Wave energy could become the next big source of energy
Statistically Wave Energy alone can produce twice the amount of electricity that the world produces now
A nuclear disaster survivor, Inna Braverman is the Founder and CEO of Eco Wave Power (EWP) that uses innovative technology for production of clean electricity from ocean and sea waves. She was
born in Ukraine in 1986 and two weeks later, the Chernobyl nuclear reactor exploded, causing the largest nuclear disaster in histor. She suffered from the negative impact of the polluted air and had a respiratory arrest. Luckily, her mother, a nurse, gave her mouth to mouth resuscitation which saved her life. She was lucky, but other children and adults were not as lucky.
Though in the early stages, her company, EWP has contributed significantly towards creating awareness to this sector, contributing to the development of the regulatory and legislative frameworks to accept and adopt wave energy and contributing to the scientific research of the wave energy field.

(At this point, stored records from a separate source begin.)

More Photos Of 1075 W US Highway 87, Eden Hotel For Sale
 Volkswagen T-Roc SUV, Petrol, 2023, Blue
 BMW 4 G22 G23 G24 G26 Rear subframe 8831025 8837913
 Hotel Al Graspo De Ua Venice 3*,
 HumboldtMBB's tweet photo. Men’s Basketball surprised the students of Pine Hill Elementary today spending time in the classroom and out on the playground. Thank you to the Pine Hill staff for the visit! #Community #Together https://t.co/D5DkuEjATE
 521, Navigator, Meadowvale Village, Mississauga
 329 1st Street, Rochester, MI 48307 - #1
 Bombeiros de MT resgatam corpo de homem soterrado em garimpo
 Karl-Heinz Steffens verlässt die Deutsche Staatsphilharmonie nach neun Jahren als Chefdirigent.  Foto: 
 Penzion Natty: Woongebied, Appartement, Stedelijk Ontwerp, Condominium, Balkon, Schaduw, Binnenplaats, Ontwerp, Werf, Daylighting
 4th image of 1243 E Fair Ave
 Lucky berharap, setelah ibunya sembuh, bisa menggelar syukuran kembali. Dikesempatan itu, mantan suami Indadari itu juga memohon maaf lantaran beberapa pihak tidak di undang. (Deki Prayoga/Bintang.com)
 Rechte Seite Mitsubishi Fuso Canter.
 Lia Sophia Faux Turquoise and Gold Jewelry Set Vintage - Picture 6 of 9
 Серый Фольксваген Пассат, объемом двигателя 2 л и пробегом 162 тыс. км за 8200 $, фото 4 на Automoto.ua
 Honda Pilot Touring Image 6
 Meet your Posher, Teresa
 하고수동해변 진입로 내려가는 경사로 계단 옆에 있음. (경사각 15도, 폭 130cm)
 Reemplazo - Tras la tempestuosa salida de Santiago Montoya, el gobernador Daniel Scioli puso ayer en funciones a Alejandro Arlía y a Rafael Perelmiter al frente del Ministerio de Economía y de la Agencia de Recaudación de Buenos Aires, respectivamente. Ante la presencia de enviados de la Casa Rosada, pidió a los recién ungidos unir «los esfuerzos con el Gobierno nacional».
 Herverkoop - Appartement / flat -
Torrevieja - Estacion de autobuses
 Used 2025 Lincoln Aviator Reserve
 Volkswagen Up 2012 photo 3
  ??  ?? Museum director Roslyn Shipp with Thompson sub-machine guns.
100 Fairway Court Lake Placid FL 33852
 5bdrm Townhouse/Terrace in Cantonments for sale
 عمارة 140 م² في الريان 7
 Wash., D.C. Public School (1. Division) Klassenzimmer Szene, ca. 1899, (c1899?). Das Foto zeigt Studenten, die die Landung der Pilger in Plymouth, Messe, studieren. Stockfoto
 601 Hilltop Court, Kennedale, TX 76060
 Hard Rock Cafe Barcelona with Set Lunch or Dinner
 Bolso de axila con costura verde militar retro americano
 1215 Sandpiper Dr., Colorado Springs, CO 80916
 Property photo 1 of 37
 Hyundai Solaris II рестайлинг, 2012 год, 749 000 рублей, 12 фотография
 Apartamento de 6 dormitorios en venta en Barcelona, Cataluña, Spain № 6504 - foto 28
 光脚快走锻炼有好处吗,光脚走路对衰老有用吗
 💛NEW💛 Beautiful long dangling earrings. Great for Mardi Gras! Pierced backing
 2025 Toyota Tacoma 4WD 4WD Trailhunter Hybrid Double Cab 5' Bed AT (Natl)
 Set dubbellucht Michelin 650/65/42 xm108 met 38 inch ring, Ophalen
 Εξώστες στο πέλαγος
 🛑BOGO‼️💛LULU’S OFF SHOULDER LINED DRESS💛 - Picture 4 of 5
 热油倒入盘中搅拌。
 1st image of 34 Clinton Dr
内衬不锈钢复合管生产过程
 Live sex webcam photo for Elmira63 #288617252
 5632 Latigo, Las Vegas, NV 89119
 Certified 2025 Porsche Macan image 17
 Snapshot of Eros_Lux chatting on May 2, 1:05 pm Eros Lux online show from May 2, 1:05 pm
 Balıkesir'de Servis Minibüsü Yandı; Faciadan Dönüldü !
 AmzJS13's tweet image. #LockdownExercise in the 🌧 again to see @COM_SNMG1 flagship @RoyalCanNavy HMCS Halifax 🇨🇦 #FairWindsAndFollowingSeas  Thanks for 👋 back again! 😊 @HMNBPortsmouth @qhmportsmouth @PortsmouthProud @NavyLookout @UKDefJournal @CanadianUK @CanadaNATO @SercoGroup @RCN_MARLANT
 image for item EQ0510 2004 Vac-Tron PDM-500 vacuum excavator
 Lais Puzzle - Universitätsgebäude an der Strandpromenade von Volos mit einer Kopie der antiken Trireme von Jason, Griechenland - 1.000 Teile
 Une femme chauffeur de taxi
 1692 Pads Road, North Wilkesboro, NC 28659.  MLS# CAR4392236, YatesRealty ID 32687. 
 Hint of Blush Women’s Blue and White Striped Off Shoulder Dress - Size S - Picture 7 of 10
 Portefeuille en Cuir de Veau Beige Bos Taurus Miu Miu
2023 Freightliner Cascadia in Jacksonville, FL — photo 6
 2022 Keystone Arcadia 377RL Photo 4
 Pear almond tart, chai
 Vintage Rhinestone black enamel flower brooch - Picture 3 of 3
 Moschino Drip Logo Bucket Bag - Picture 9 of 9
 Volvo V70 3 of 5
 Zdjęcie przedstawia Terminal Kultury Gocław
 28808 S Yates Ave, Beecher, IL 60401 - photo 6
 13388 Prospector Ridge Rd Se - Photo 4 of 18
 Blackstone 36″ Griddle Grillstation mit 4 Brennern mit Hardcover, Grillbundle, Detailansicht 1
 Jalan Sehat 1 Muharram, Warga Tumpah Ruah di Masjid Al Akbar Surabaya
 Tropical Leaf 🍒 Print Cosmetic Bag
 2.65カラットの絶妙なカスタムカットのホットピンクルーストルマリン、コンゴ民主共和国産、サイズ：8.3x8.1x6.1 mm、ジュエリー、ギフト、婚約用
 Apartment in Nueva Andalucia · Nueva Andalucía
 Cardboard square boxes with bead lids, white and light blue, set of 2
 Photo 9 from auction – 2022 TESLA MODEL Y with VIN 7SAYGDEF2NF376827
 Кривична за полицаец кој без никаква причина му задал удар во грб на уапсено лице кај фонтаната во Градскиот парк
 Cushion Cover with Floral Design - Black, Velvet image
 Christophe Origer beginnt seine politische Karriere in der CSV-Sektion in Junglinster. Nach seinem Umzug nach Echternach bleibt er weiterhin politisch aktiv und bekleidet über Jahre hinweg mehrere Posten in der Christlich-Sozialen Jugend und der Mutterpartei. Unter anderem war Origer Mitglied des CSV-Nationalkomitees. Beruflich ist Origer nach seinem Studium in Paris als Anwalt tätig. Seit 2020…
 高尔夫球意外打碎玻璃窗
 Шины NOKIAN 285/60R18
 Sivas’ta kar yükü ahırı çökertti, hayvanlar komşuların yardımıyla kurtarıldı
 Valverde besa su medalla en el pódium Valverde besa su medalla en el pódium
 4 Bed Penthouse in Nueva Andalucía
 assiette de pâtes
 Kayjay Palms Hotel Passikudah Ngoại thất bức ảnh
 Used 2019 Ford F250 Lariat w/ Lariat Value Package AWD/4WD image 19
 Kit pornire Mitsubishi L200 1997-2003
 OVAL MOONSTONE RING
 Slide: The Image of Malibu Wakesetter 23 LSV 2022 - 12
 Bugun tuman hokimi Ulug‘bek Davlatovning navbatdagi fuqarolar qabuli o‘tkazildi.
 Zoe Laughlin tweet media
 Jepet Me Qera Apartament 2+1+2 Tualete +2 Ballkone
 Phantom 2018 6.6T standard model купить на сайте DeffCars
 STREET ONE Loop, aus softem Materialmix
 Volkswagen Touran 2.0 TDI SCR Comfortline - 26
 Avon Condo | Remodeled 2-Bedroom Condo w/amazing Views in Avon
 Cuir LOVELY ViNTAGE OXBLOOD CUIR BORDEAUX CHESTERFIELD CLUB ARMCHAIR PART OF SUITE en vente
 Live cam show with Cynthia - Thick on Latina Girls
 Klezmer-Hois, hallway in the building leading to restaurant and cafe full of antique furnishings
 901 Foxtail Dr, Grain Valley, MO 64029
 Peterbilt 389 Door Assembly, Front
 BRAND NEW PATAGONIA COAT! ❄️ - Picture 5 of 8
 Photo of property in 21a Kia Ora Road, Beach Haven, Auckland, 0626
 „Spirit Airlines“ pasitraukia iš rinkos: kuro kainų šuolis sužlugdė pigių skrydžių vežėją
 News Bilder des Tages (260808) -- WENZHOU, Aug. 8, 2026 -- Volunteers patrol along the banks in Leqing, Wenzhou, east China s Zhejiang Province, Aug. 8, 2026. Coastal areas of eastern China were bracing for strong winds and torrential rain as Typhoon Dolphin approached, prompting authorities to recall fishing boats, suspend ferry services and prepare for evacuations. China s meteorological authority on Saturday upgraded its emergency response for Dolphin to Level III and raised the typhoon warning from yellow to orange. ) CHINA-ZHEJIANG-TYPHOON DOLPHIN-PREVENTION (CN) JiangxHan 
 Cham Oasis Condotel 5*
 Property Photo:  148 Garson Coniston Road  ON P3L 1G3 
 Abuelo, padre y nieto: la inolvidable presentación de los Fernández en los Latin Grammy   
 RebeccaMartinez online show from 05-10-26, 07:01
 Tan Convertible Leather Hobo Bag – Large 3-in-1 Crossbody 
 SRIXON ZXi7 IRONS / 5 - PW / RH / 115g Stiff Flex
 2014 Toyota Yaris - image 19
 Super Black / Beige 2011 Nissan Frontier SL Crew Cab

In conversation with Dominic Rebello and RN Bhaskar of the Free Press Journal, Inna Braverman shares her journey, her projects and her future plans for the company. “EWP is pioneering in the wave energy field and I hope our journey will inspire and trigger some clear actions, that will spread beyond Sweden and Israel, among which: the promotion of clean energy , support for innovative ideas, easy and clear regulatory framework for renewables, which will lead to a better future for our children,” says Braverman.
Inna Braverman has a strong passion for renewable energy because of her personal story. She was two weeks old when the Chernobyl nuclear reactor exploded, which incidentally was the largest nuclear disaster in history. She survived and got a second chance in life and a feeling that there is a purpose to her life. She grew up and studied political science in Israel with an aim to make a positive change in the world through politics but life had different plans. After completing her education she got the job of a Hebrew-English translator in a renewable energy company. There she got to know about wind energy, solar energy and wave energy. Wave energy was something that all the engineers and scientists really believed in, but, nobody could make it commercially viable. She then took up the challenge and decided to make the impossible possible.
She kept on researching how other companies had failed or why their technologies did not work. She then came up with her own ideas and concepts to make wave energy in a much simpler and easier way.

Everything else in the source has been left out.